▶ Dataset excerpt
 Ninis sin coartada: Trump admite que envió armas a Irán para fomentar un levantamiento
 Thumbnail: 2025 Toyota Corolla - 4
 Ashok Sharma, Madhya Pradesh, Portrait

▶ Directions for this task
Reproduce the material above, keeping every line intact.

▶ Expected output
 Ninis sin coartada: Trump admite que envió armas a Irán para fomentar un levantamiento
 Thumbnail: 2025 Toyota Corolla - 4
 Ashok Sharma, Madhya Pradesh, Portrait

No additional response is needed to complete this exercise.